--- RECORDS FOR THE TASK Enclosed Below ---

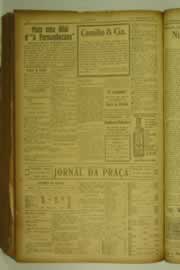 Hemeroteca - pagina O_Nordeste_1927_12_0060.jpg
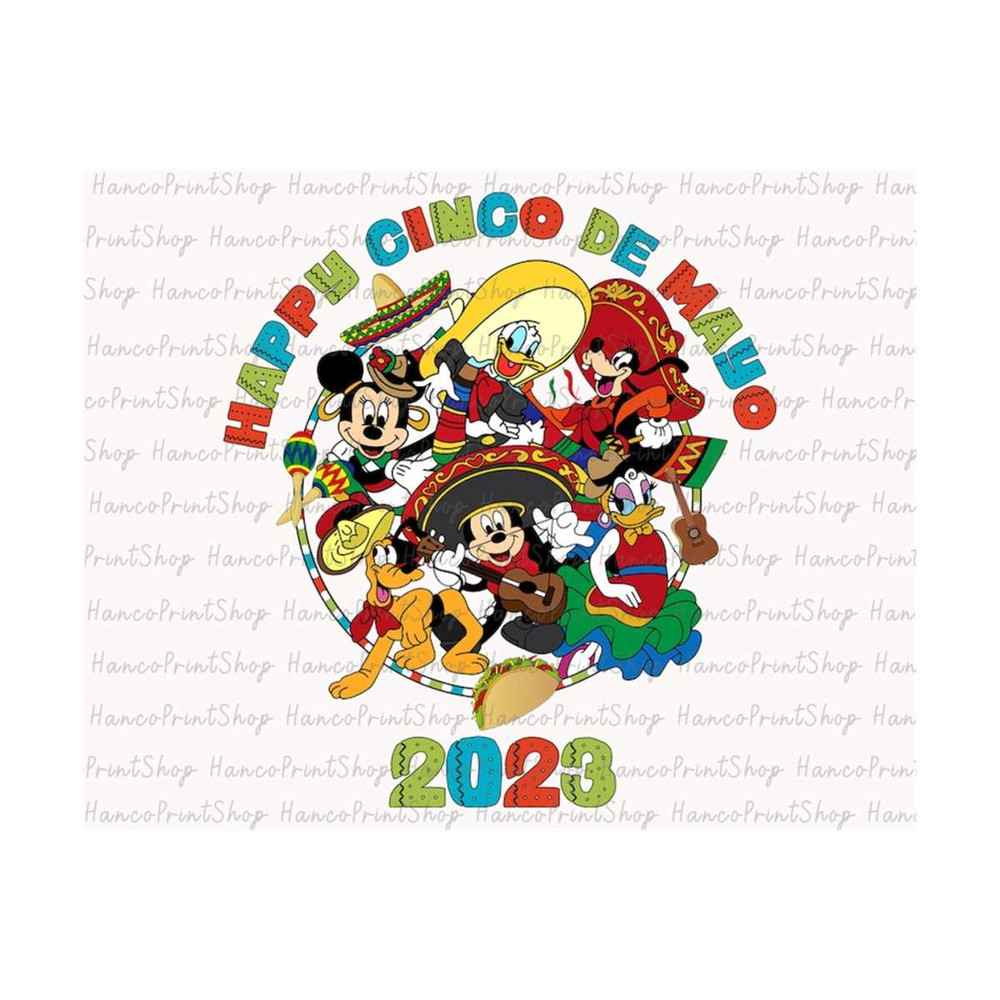 MR-279202373941-happy-cinco-de-mayo-2023-png-mouse-and-friends-png-cinco-de-image-1.jpg
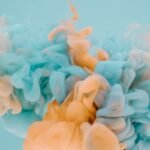 Change Background Using PhotoshopElements
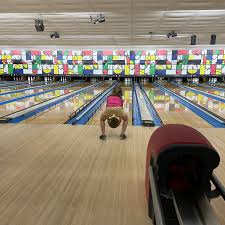 Image result for Stirling Indoor Bowling Centre
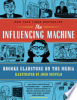 The_influencing_machine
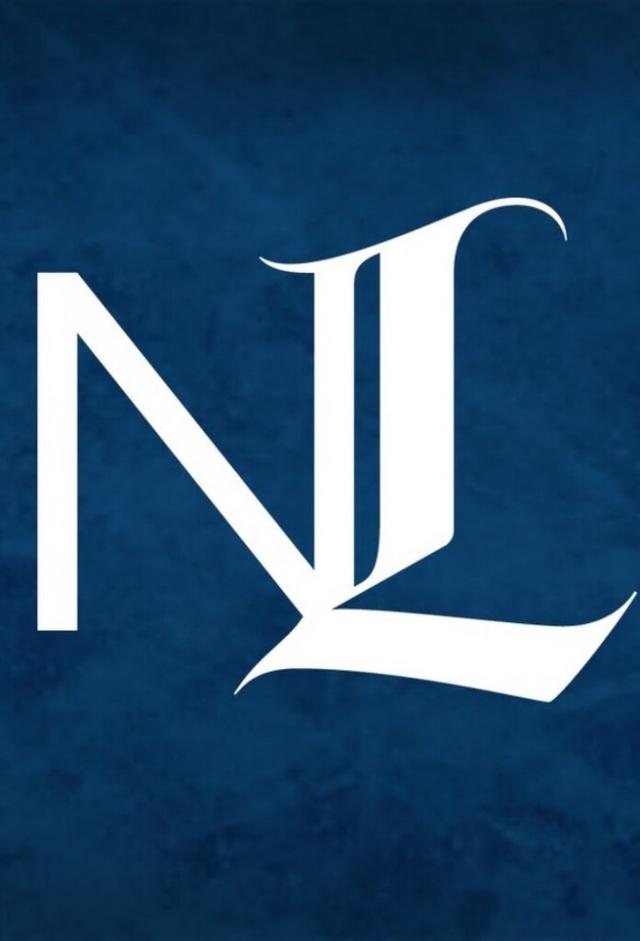 Nova Lectio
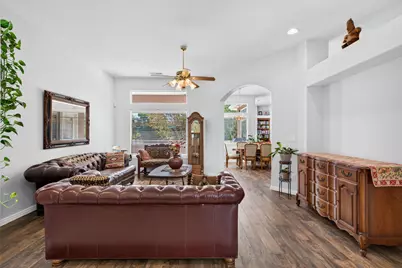 682 N Morning Glory, Santa Clara, UT 84765 - Photo 3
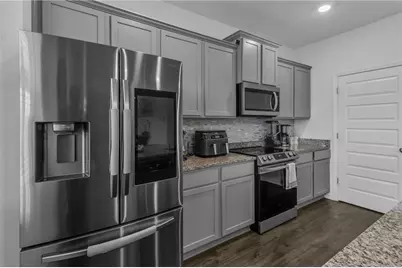 2085 Waycross Lane, Dacula, GA 30019 - Photo 11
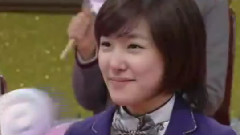 少女时代 - KBS2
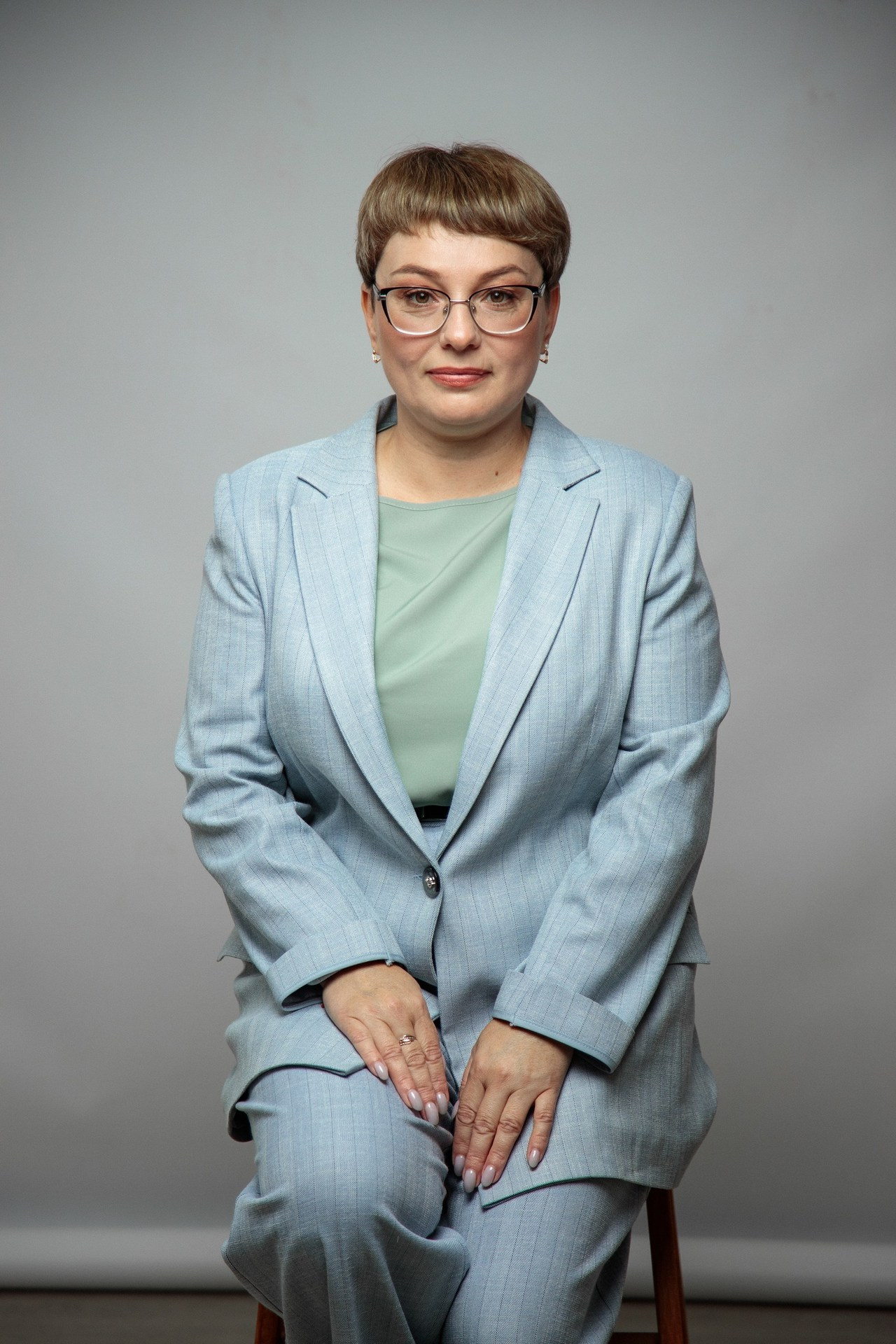 Отзывы Фотограф Великие Луки Анна Никонова. Детский семейный фотограф Великие Луки Анна Никонова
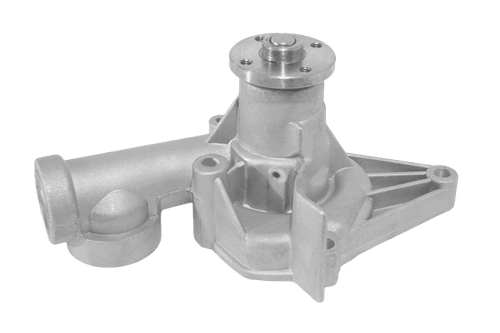 Bomba De Agua Hyundai Accent | Mitsubishi Colt, Eclipse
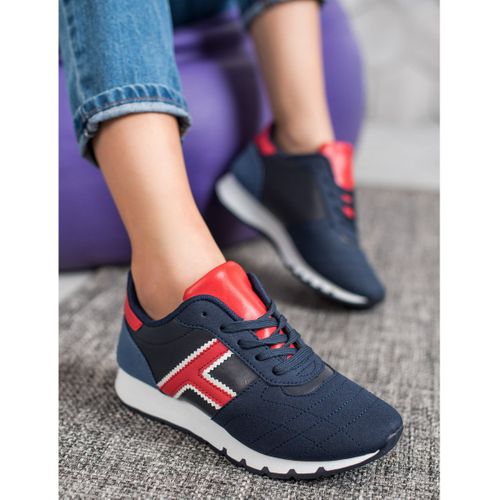 Buty Sportowe r.40 na Arena.pl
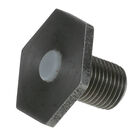 Hobart M-73356 Knife Screw Assembly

--- End of Enclosed RECORDS FOR THE TASK ---

__PROBLEM__. Give back exactly the lines from the one that contains "Отзывы Фотограф Великие" to the final line of the data above, both included, with all pictures removed.

__EXERCISE RESULT__.
 Отзывы Фотограф Великие Луки Анна Никонова. Детский семейный фотограф Великие Луки Анна Никонова
 Bomba De Agua Hyundai Accent | Mitsubishi Colt, Eclipse
 Buty Sportowe r.40 na Arena.pl
 Hobart M-73356 Knife Screw Assembly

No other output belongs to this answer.